[ruby-core:112457] [Ruby master Feature#19443] Cache `Process.pid`

Issue #19443 has been reported by byroot (Jean Boussier). ---------------------------------------- Feature #19443: Cache `Process.pid` https://bugs.ruby-lang.org/issues/19443 * Author: byroot (Jean Boussier) * Status: Open * Priority: Normal ---------------------------------------- It's not uncommon for database client and similar network libraries to protect themselves from Process.fork by regularly checking Process.pid Until recently most libc would cache `getpid()` so this was a cheap check to make. However as of glibc version 2.25 the PID cache is removed and calls to `getpid()` always invoke the actual system call which significantly degrades the performance of existing applications. The reason glibc removed the cache is that some libraries were bypassing `fork(2)` by issuing system calls themselves, causing stale cache issues. That isn't a concern for Ruby as bypassing MRI's primitive for forking would render the VM unusable, so we can safely cache the PID. An example of the issue: https://github.com/rails/rails/issues/47418 -- https://bugs.ruby-lang.org/

Issue #19443 has been updated by ko1 (Koichi Sasada).
However as of glibc version 2.25 the PID cache is removed and calls to getpid() always invoke the actual system call which significantly degrades the performance of existing applications.
Could you show the some benchmark results with/without your patch. As I understand `getpid()` system call is well tuned so I surprised that there is an impact on the app. ---------------------------------------- Feature #19443: Cache `Process.pid` https://bugs.ruby-lang.org/issues/19443#change-101904 * Author: byroot (Jean Boussier) * Status: Open * Priority: Normal ---------------------------------------- It's not uncommon for database client and similar network libraries to protect themselves from Process.fork by regularly checking Process.pid Until recently most libc would cache `getpid()` so this was a cheap check to make. However as of glibc version 2.25 the PID cache is removed and calls to `getpid()` always invoke the actual system call which significantly degrades the performance of existing applications.

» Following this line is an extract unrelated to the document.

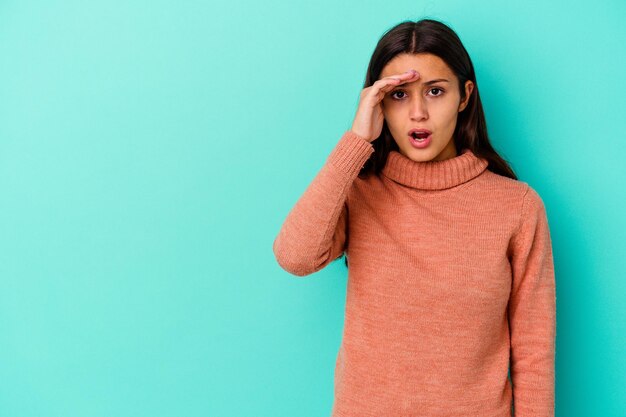 Jovem mulher indiana isolada em azul olhando para longe, mantendo a mão na testa.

The reason glibc removed the cache is that some libraries were bypassing `fork(2)` by issuing system calls themselves, causing stale cache issues. That isn't a concern for Ruby as bypassing MRI's primitive for forking would render the VM unusable, so we can safely cache the PID. An example of the issue: https://github.com/rails/rails/issues/47418 Patch: https://github.com/ruby/ruby/pull/7326 -- https://bugs.ruby-lang.org/

"ko1 (Koichi Sasada) via ruby-core" <ruby-core@ml.ruby-lang.org> wrote:
As I understand `getpid()` system call is well tuned so I surprised that there is an impact on the app.
It's not whether or not a system call is expensive or not, it's the fact a system call needs to be made at all. With modern CPU vulnerability mitigations, all system calls got more expensive. Perhaps Linux vDSO mechanism can be extended to support getpid as it does gettimeofday/clock_gettime Anyways, caching getpid() is much appreciated.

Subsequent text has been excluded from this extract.